Marco Mariani

Personal information
- Date of birth: 25 December 1992 (age 32)
- Place of birth: Atri, Italy
- Position(s): Midfielder

Senior career*
- Years: Team / Apps / (Gls)
- 2009–2011: Curi – Angolana / 37 / (1)
- 2011–2012: Bellaria – Igea / 28 / (1)
- 2012–2013: Cesena / 0 / (0)
- 2012–2013: → Bellaria – Igea (loan) / 28 / (1)
- 2013–2014: Santarcangelo / 30 / (1)

= Marco Mariani (footballer) =

Italian footballer

Marco Mariani (born 25 December 1992) is an Italian professional footballer who plays as a midfielder. He played in the fourth tier of football in Italy for Bellaria – Igea and Santarcangelo.

==Career==
Born in Atri, Abruzzo, Mariani started his career at Abruzzan club Renato Curi – Angolana. He spent 2 seasons with the club in Serie D. In 2011, he was signed by professional club Bellaria – Igea Marina, which he made 24 starts in his first Serie C2 season for the Romagna-based club.
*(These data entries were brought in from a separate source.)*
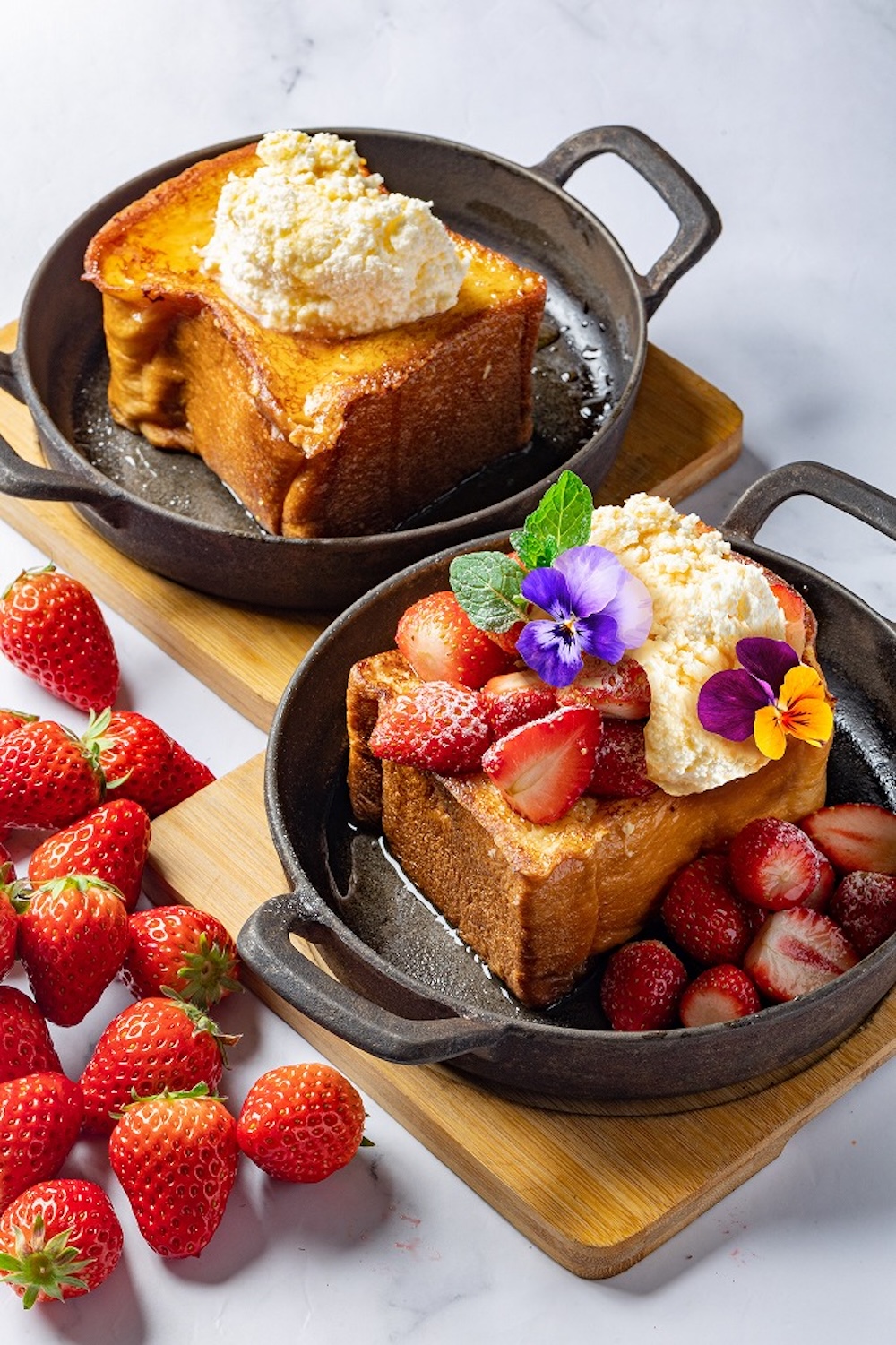 上から「フレンチトースト　ホイップバターとメープルシロップ」、「紅ほっぺのフレンチトースト ホイップバターとバニラシロップ」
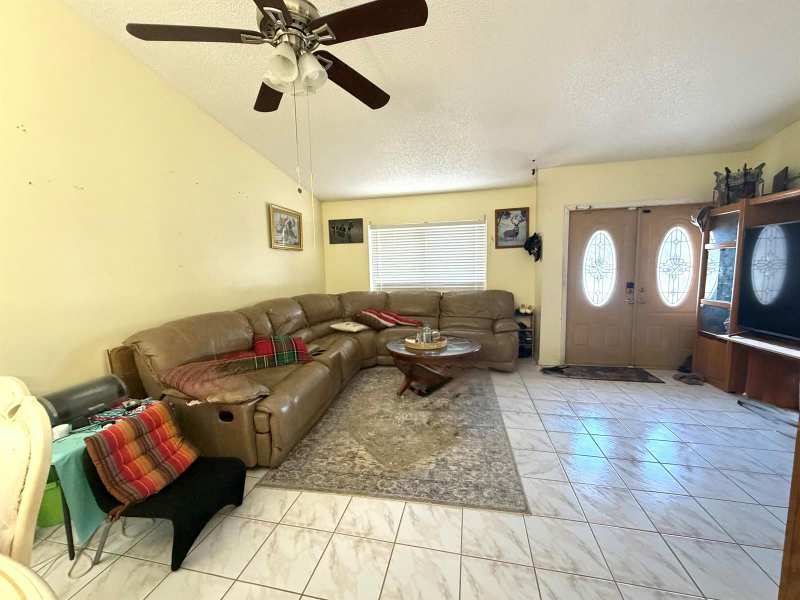 2000 NW 70th Lane, Margate FL 33063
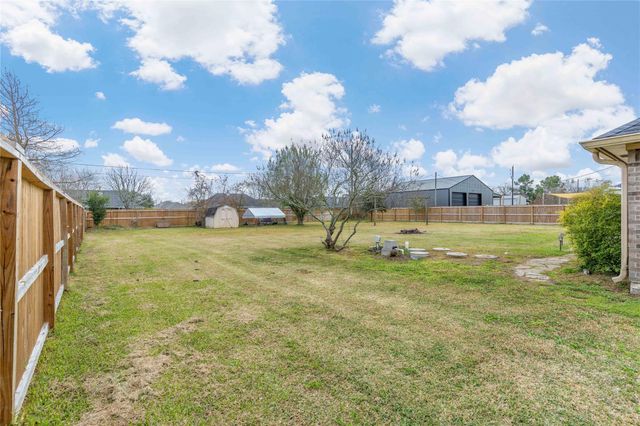 2015 Magnolia Bend, Baytown, TX 77523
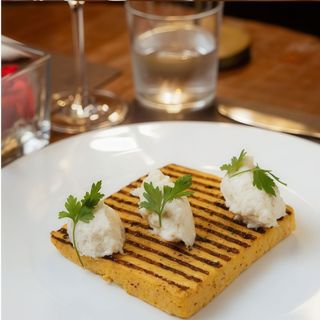 Baccalá Mantecato con polenta rustica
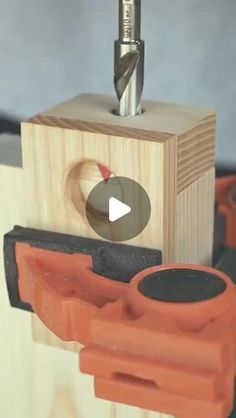 a video demonstrating how to use a router for woodworking with the help of an expert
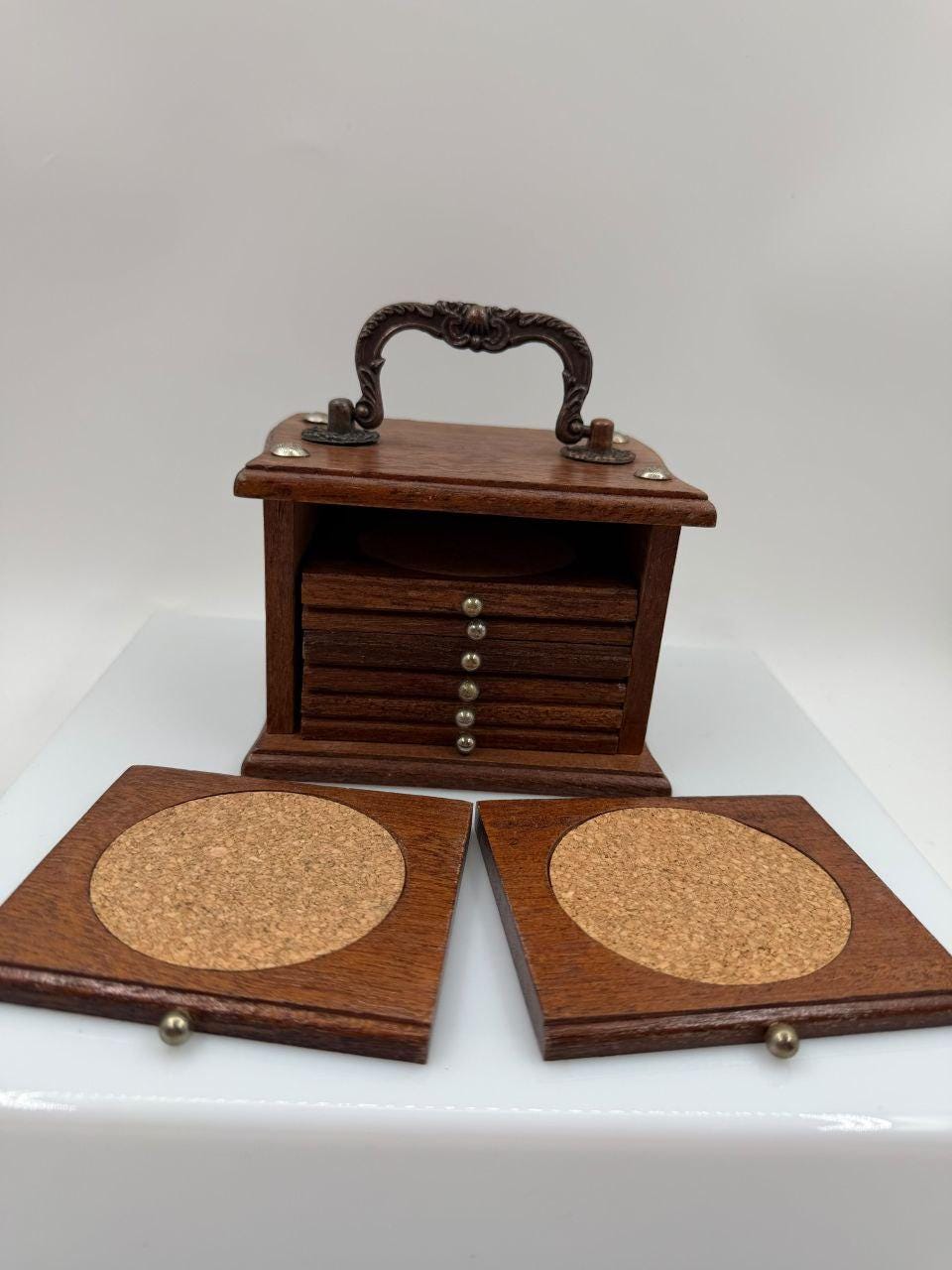 Vintage Untersetzer-Set 8-teilig, Holzbox mit Messinggriff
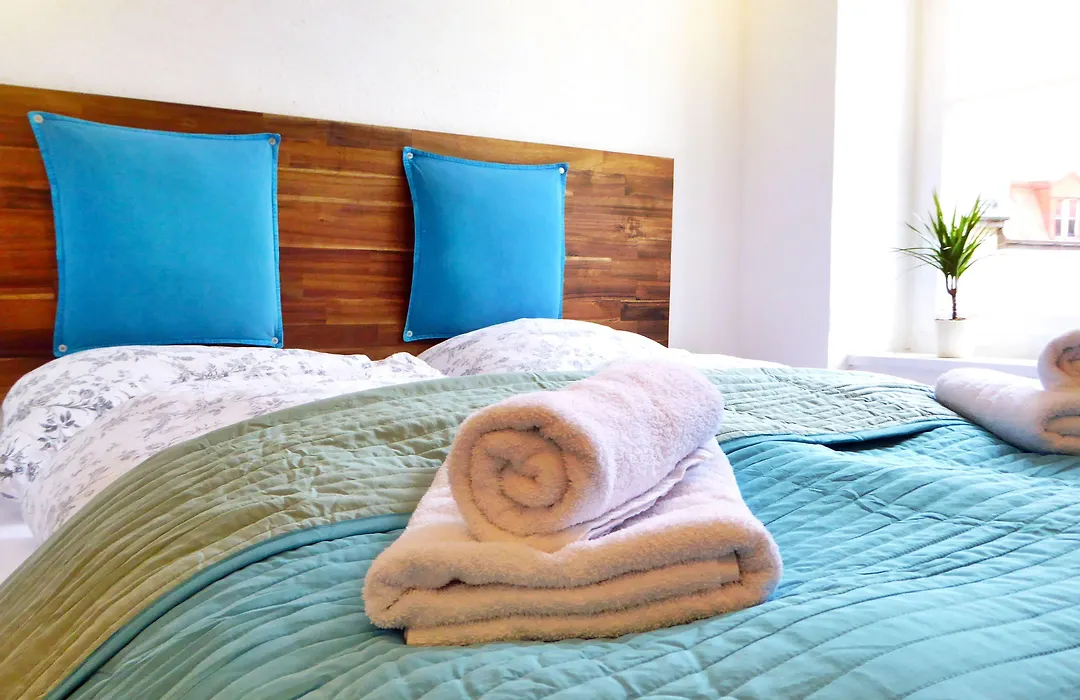 Art Hotel&Hostel-1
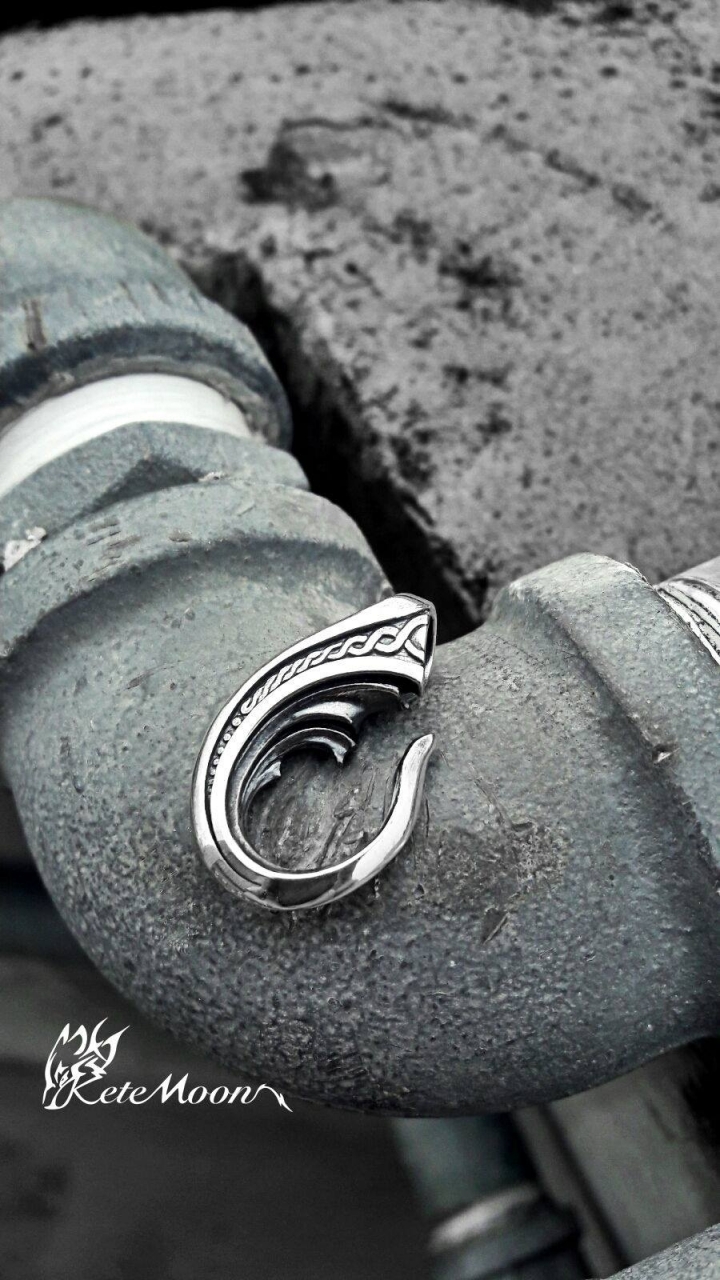 Legio Made-LMP62 Celtic Knot & Hook
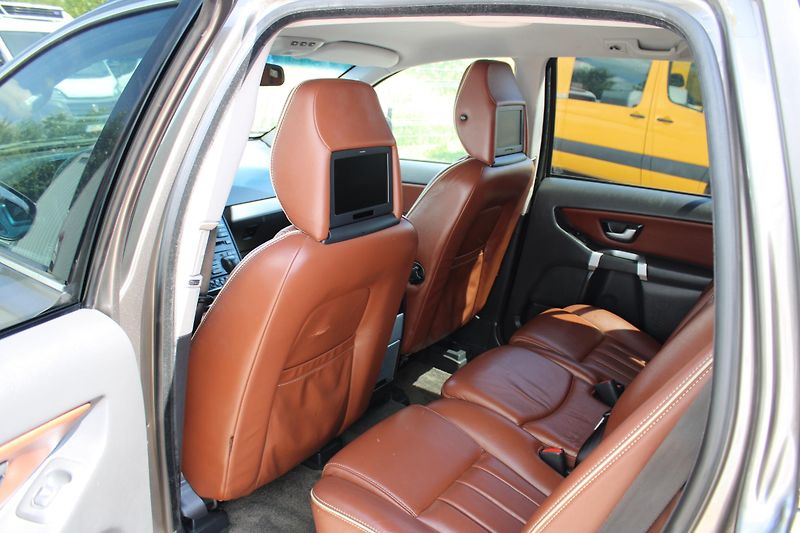Volvo XC90 2,4 D5 AWD SUMMUM 7 MÍST CZ - fotka 9 z 28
On 28 June 2012 he followed former Bellaria coach Nicola Campedelli to join another Romagnol club Cesena, which the club president was Igor, Nicola's brother. The club also signed team-mates Caio De Cenco, Daniele Fioretti and Daniele Forte from Bellaria. However Mariani was not included in the club's Serie B plan, which Mariani returned to Bellaria for 2012–13 season. The club also signed goalkeeper Andrea Rossini from Cesena (& Parma).

On 23 June 2013 Mariani remained in that region but for Santarcangelo di Romagna. Santarcangelo also signed Francesco Urso and Giacomo Bassoli (in January) from Cesena. Santarcangelo qualified to 2014–15 Serie C as the 5th of Group B of 2013–14 Serie C2.